The Perfect Bet

by Adam Kucharski

  Von Neumann started by looking at poker at its most basic, where it is a game between two players. To simplify matters further, he assumed that each player was dealt a single card, showing a number somewhere between 0 and 1. After both players put in a dollar to start, the first player—who we’ll call Alice—has three options: fold, and therefore lose one dollar; check (equivalent to betting nothing); or bet one dollar. Her opponent then decides whether to fold, and forfeit the money, or match the bet, in which case the winner depends on whose card has the highest number.

  Obviously, it is pointless for Alice to fold at the start, but should she check or bet? Von Neumann looked at all possible eventualities and worked out the expected profit from each strategy. He found that she should bet if her card shows a very low or very high number, and she should check otherwise. In other words, she should bluff only with her worst hand. This might seem counterintuitive, but it follows logic familiar to all good poker players. If her card shows an average-to-low number, Alice has two options: bluff or check. With a terrible card, Alice has no hope of winning unless her opponent folds. She should therefore bluff. Middling cards are trickier. Bluffing won’t persuade someone with a decent card to fold, and it’s not worth Alice betting on the off chance that her mediocre card will come out on top in a showdown. So, the best option is to check and hope for the best.

  In 1944, von Neumann and economist Oskar Morgenstern published their insights in a book titled Theory of Games and Economic Behavior. Although their version of poker was much simpler than the real thing, the pair had cracked a problem that had long bothered players, namely, whether bluffing was really a necessary part of the game. Thanks to von Neumann and Morgenstern, there was now mathematical proof that it was.

  Despite his fondness for Berlin’s nightlife, von Neumann didn’t use game theory when he visited casinos. He saw poker mainly as an intellectual challenge and eventually moved on to other problems. It would be several decades before players worked out how to use von Neumann’s ideas to win for real.

  BINION’S GAMBLING HALL IS part of the old Las Vegas. Away from the Strip’s shows and fountains, it lies in the thumping downtown heart of the city. While most hotels were built with theaters and concert halls as well as casinos, Binion’s was designed for gambling from the start. When it opened in 1951, betting limits were much higher than at other venues, and in the entrance a giant upturned horseshoe straddled a box displaying a million dollars in cash. Binion’s was also the first casino to give free drinks to all gamblers to keep them (and their money) at the tables. So, it was only natural that when the first World Series of Poker took place in 1970, it was held at Binion’s.

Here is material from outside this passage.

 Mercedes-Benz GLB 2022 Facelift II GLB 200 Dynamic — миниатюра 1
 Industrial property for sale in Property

  Over the following decades, players gathered at Binion’s each year to pit their wits—and luck—against each other. Some years were especially tense. Early in the 1982 competition, Jack Straus stumbled onto a losing streak that left him with a single chip. Fighting back, he managed to win enough hands to stay in the game, eventually going on to win the whole tournament. The story goes that when Straus was later asked what a poker player needs for victory, his reply was “a chip and a chair.”

  On May 18, 2000, the thirty-first World Series reached its finale. Two men were left in the competition. On one side of the table was T. J. Cloutier, a poker veteran from Texas. Opposite him sat Chris Ferguson, a long-haired Californian with a penchant for cowboy hats and sunglasses. Ferguson had started the game with far more chips than Cloutier, but his lead was shrinking with each hand that was dealt.

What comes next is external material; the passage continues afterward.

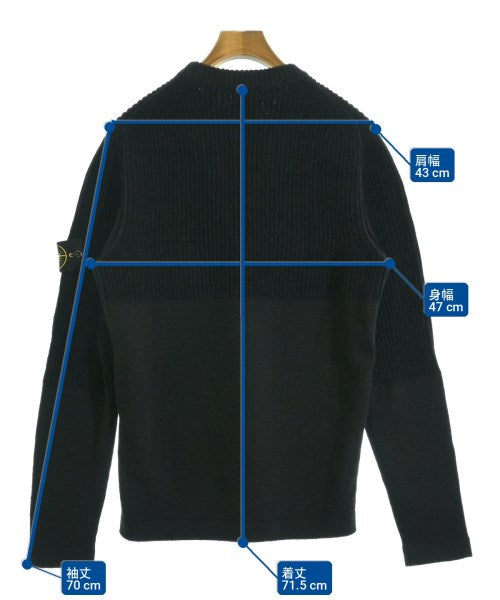STONE ISLAND 毛衣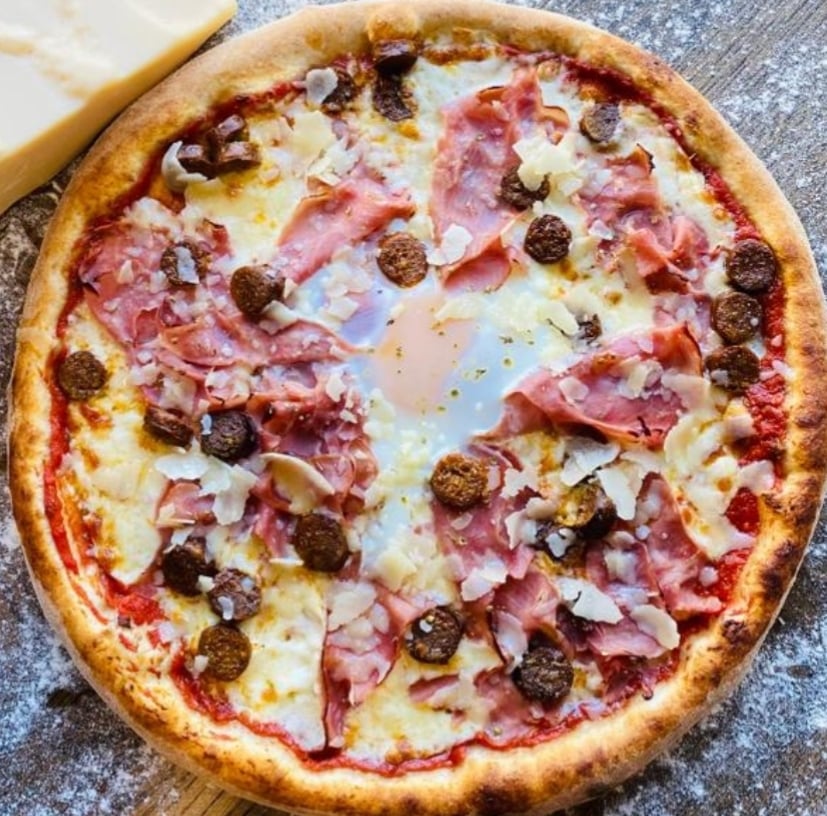 Pizzeria artisanale melun l'artigiano della pizza 1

  With the players almost even, the dealer handed out yet another set of cards. They were playing Texas hold’em poker, which meant that Ferguson and Cloutier first received two personal “pocket” cards. After looking at his hand—the ninety-third of the day—Cloutier opened with a bet of almost $200,000. Sensing a chance to retake the advantage, Ferguson raised him half a million dollars. But Cloutier was confident, too. So confident, in fact, that he responded by pushing all his chips into the center of the table. Ferguson looked at his cards again. Did Cloutier really have the better hand? After pondering his options for several moments, Ferguson decided to match Cloutier’s bet of almost $2.5 million.

  Once two initial pocket cards have been dealt in Texas hold’em, there are up to three additional rounds of betting. The first of these is known as the “flop.” Three more cards are dealt, this time placed face up on the table. If betting continues, another card—the “turn”—is revealed. Another round of betting means that the game reaches the “river,” where a fifth card is shown. The winner is the player who has the best five-card hand when the two pocket cards are combined with the five communal cards.

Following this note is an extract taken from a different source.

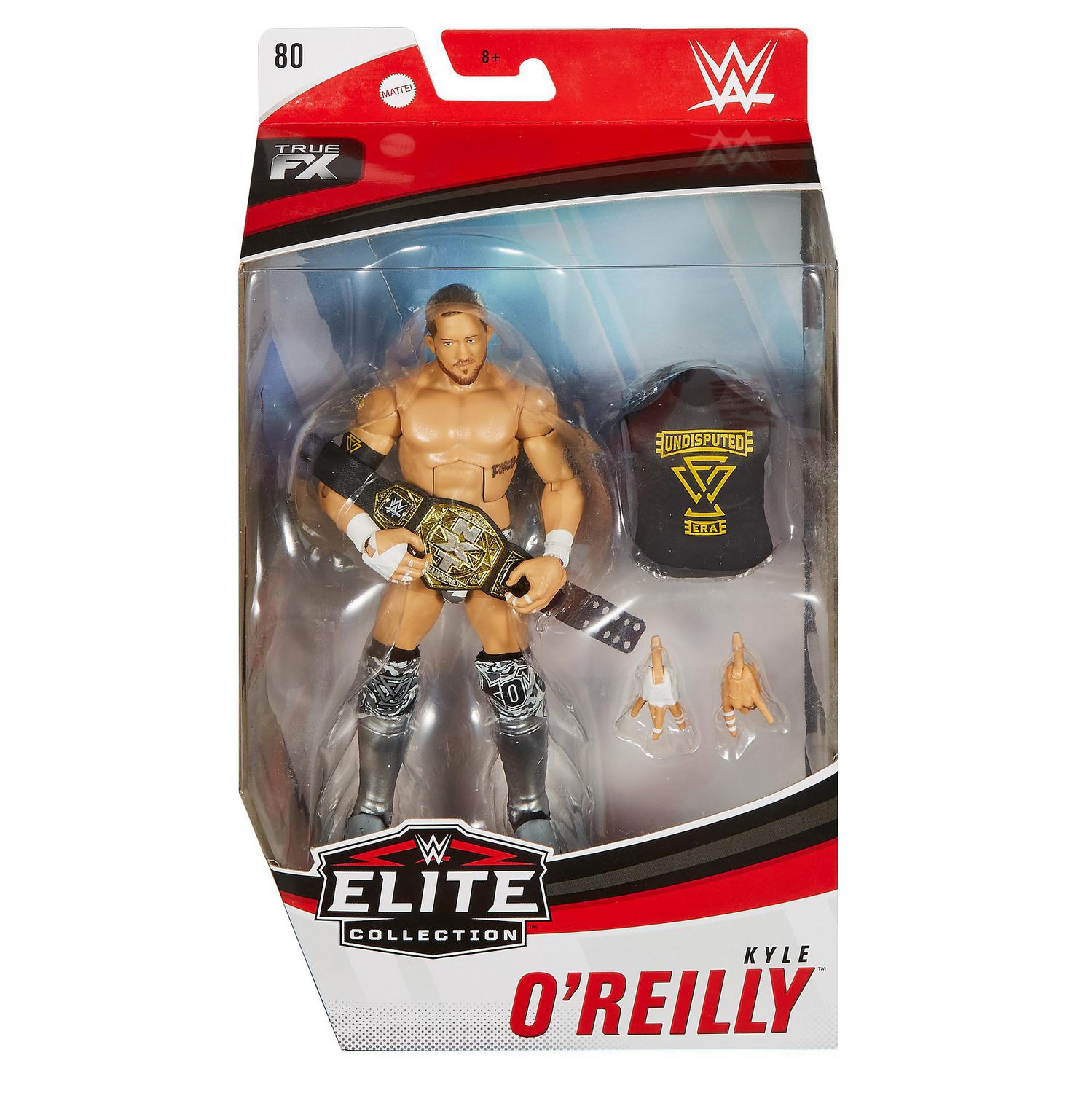 WWE Elite Collection Kyle O'Reilly Action Figure - Series #80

  Because Cloutier and Ferguson had both gone all in at the start, there would be no additional betting. Instead, they would have to show their pocket cards and watch as the dealer turned over each of the five additional cards. When the players showed their hands, the crowd surrounding the table knew Ferguson was in trouble. Cloutier had an ace and a queen; Ferguson had only an ace and a nine. First, the dealer turned over the flop cards: a king, a two, and a four. Cloutier still had the better hand. Next came the turn, and another king. The game would therefore be settled on the river. As the final card was revealed, Ferguson leapt from his seat. It was a nine. He’d won the game, and the tournament. “You didn’t think it would be that tough to beat me, did you?” Cloutier asked Ferguson after he’d netted the $1.5 million prize money. “Yes,” Ferguson replied, “I did.”

  UNTIL CHRIS FERGUSON’S TRIUMPHANT performance in Las Vegas, no poker player had won more than $1 million in tournament prizes. But unlike many competitors, Ferguson’s extraordinary success did not rely solely on intuition or instinct. When he played in the World Series, he was using game theory.

  The year before he beat Cloutier, Ferguson had completed a doctorate in computer science at UCLA. During that time, he worked as a consultant for the California State Lottery, picking apart existing games and coming up with new ones. His family members have mathematical backgrounds, too: both parents have PhDs in the subject and his father, Thomas, is a professor of mathematics at UCLA.

  While studying for his doctorate, Chris Ferguson would compete for play money in some of the early Internet chat rooms. He saw poker as a challenge, and it was one he was rather good at. The chat room games didn’t lead to any profit, but they did give Ferguson access to large amounts of data. Combined with improvements in computing power, this enabled him to study vast numbers of different hands, evaluating how much to bet and when to bluff.

  Like von Neumann, Ferguson soon realized that poker was too complicated to study properly without making a few simplifications. Building on von Neumann’s ideas, Ferguson decided to look at what happens when two players have more options. Of course, he would have more than one opponent at the start of a real poker game, but it was still useful to analyze the simple two-player scenario. Players may fold as the betting rounds progress, so by the time the endgame arrives, there are often only a couple of players left.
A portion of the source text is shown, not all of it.